Mareike Engelhardt, à propos de « Rabia », avec Lubna Azabal

Ce mercredi est sorti en Belgique Rabia, premier long métrage de Mareike Engelhardt, avec Megan Northam et Lubna Azabal. La réalistarice nous parle de ce film grave et intense qui traite du devenir des jeunes femmes parties en Syrie auprès de Daesh.

Synopsis: Poussée par les promesses d’une nouvelle vie, Jessica, une Française de 19 ans part pour la Syrie rejoindre Daech. Arrivée à Raqqa, elle intègre une maison de futures épouses de combattants et se retrouve vite prisonnière de Madame, la charismatique directrice qui tient les lieux d’une main de fer.

Comment présenteriez-vous le film en quelques mots?

C’est un film qui parle d’un phénomène contemporain, de l’un des conflits actuels les plus importants, en mettant la lumière sur des jeunes femmes qui essaient de trouver leur place dans le monde, et font un mauvais choix. Elles se retrouvent enfermées dans une maison en Syrie, où elles luttent pour leur rêve, et pour leur survie.

Quelle est l’étincelle aux origines du projet?
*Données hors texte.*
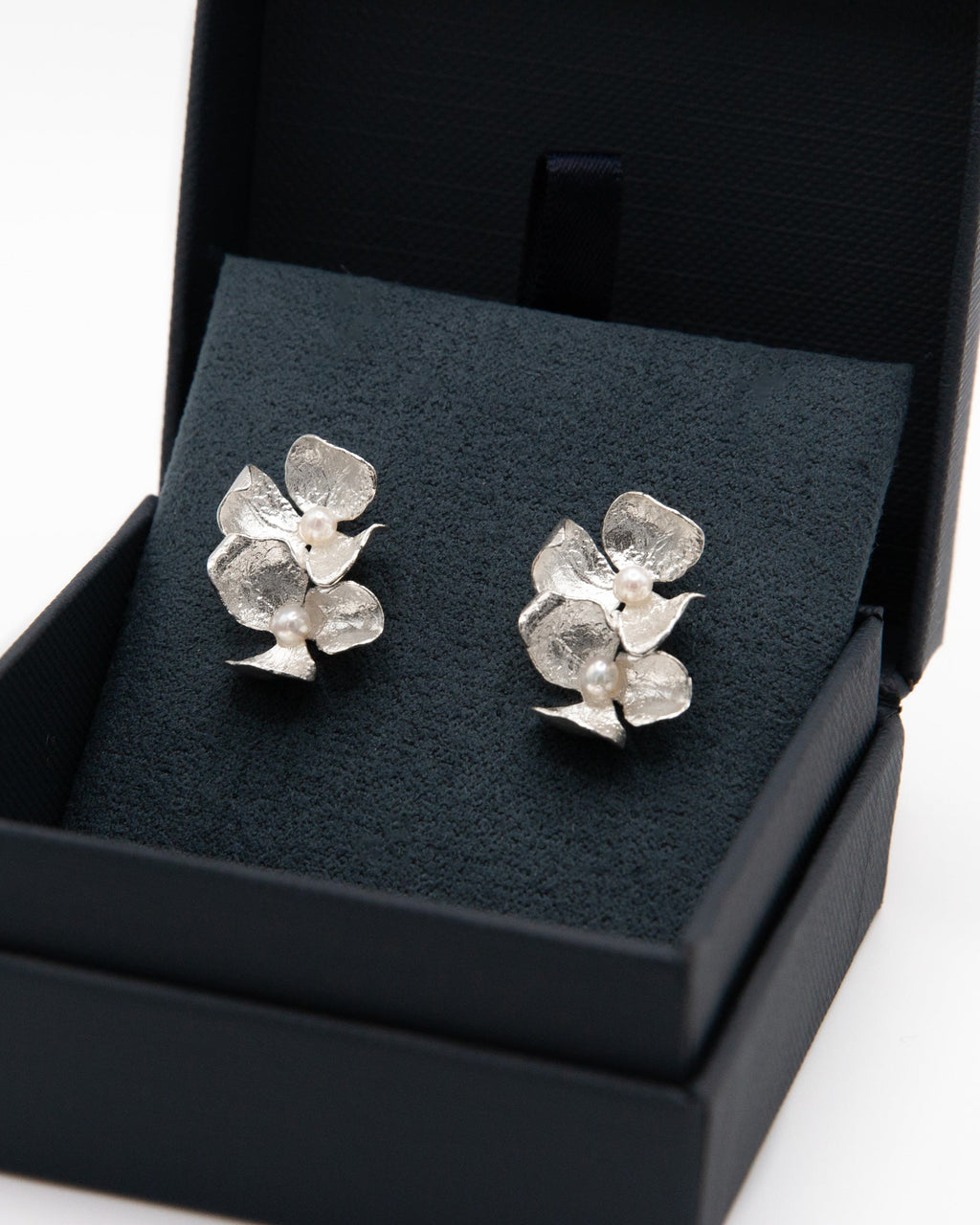 Pearl Blossom Earrings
Par mon histoire allemande, je suis très travaillée par la question des idéologies, des manipulations psychologiques. Comment au cours d’une vie, prend-on le mauvais chemin, devient-on bourreau? Et quand on s’en rend compte, pourquoi continue-t-on, quitte à perdre son humanité? C’est très lié à une question que je me pose: qu’est-ce que moi, j’aurais fait à l’époque? De quel côté j’aurais été, comment je me serais engagée? Je voulais forcer le spectateur à se poser lui aussi cette question.

Quelles sont les circonstances qui rendent possible une déshumanisation?

Ce n’est pas la guerre que vend l’Etat Islamique aux jeunes gens qu’il recrute. La propagande s’adresse à des émotions assez nobles, que l’on pourrait partager,l’envie que notre existence ait un sens, d’appartenir à quelque chose de plus grand que nous. Passer par la guerre, mais pour aller vers la paix. L’utopie ultime, c’est de créer une meilleur monde, où nous serions tous égaux. Il y a des problèmes d’injustice sociale incroyable dans nos sociétés, l’écart qui grandit sans cesse entre des hyper pauvres, et des hyper riches qui ne savent plus quoi faire de leur argent. C’est inquiétant et perturbant de penser que nos sociétés occidentales ne semblent plus offrir ces perspectives aux jeunes gens, qu’il y a une absence d’utopie.

Jessica/ Rabia quitte un endroit où elle a le sentiment d’être asservie pour un autre lieu où elle va l’être aussi. Le système se nourrit de sa faille pour essayer de la transformer.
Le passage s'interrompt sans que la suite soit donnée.